- _Task statement_:
The answer must reproduce all of the data below exactly and contain no images.

"""

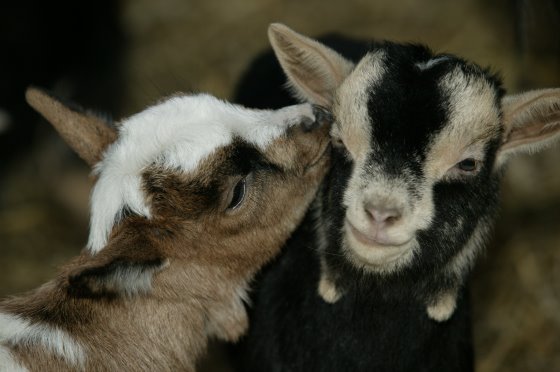Colostrum in baby goats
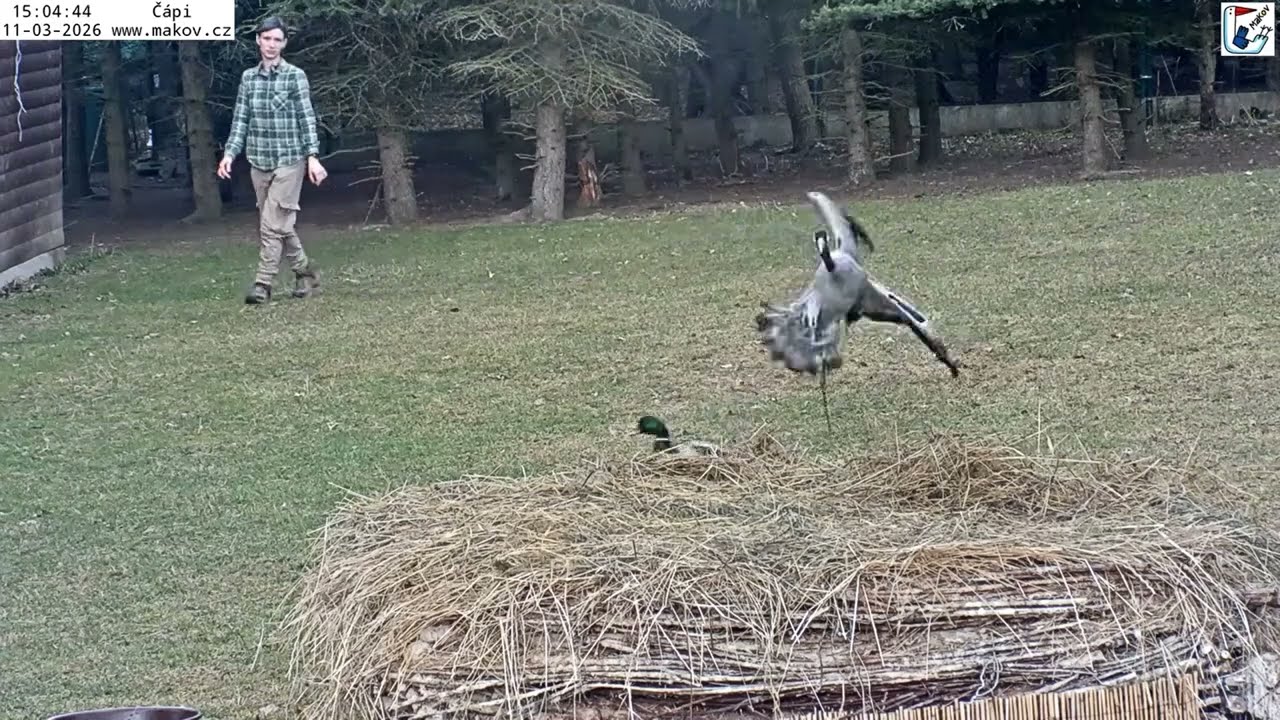 Odchyt Jonáše a Johanky na zastřihnutí křídel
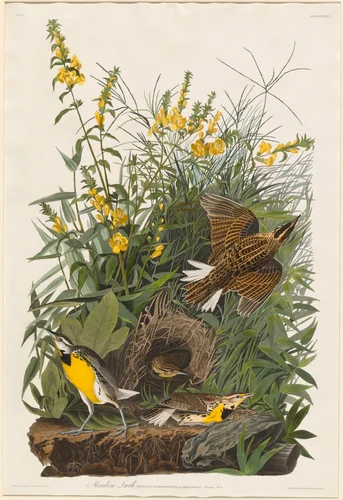 Meadow Lark by Robert Havell, Jr.; John James Audubon, print, 1832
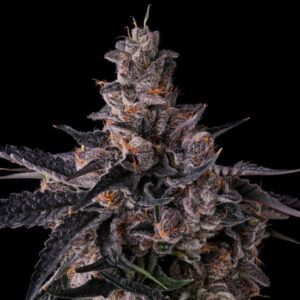 Lemon Cherry Pave Feminized Seeds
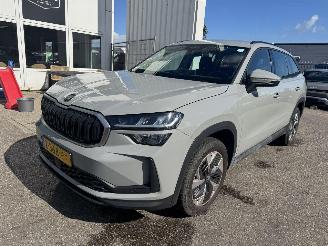 Damaged car Skoda Kodiaq 1.5 TSI MHEV Business Edition 7p 2024/6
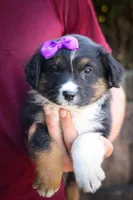  Larson 🐶, a female Miniature Aussiedoodle for sale in Fresno, OH – 1 of 9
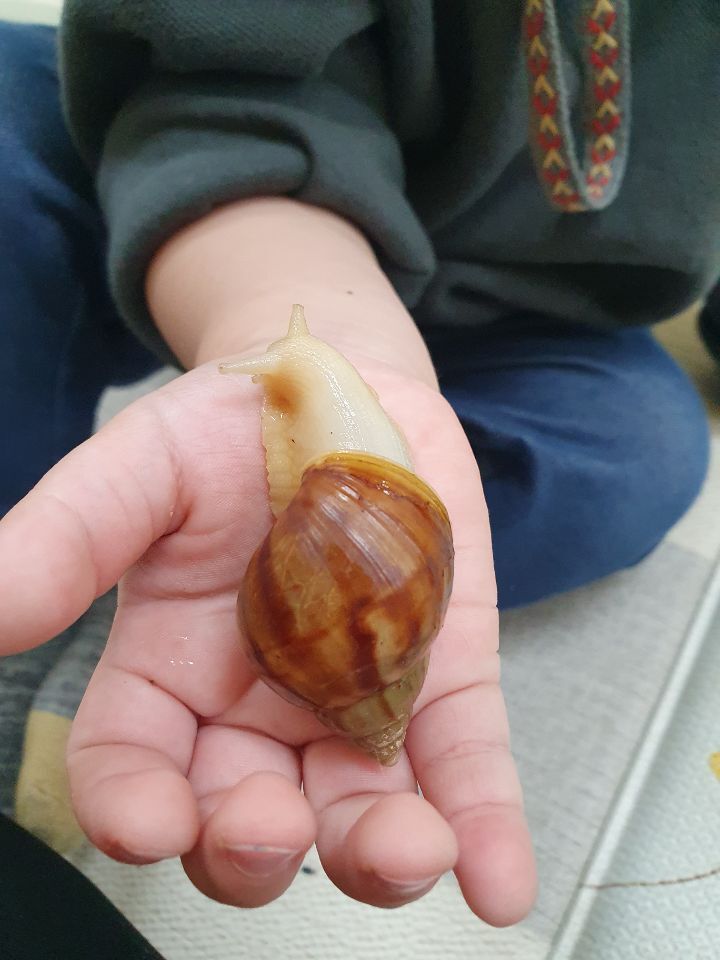 아롱별손톱 이미지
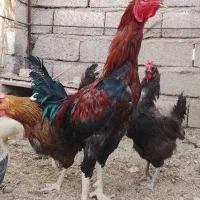 خروس لاری اوشامو قددار
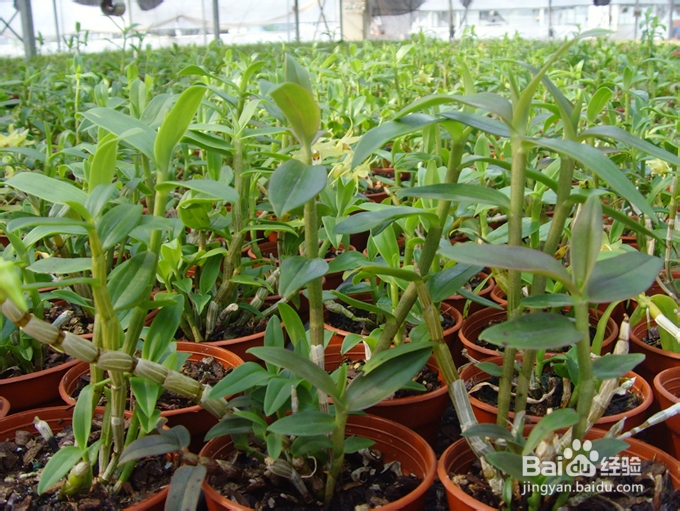 铁皮石斛盆栽种植方法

"""

- _Exercise solution_:
Colostrum in baby goats
 Odchyt Jonáše a Johanky na zastřihnutí křídel
 Meadow Lark by Robert Havell, Jr.; John James Audubon, print, 1832
 Lemon Cherry Pave Feminized Seeds
 Damaged car Skoda Kodiaq 1.5 TSI MHEV Business Edition 7p 2024/6
  Larson 🐶, a female Miniature Aussiedoodle for sale in Fresno, OH – 1 of 9
 아롱별손톱 이미지
 خروس لاری اوشامو قددار
 铁皮石斛盆栽种植方法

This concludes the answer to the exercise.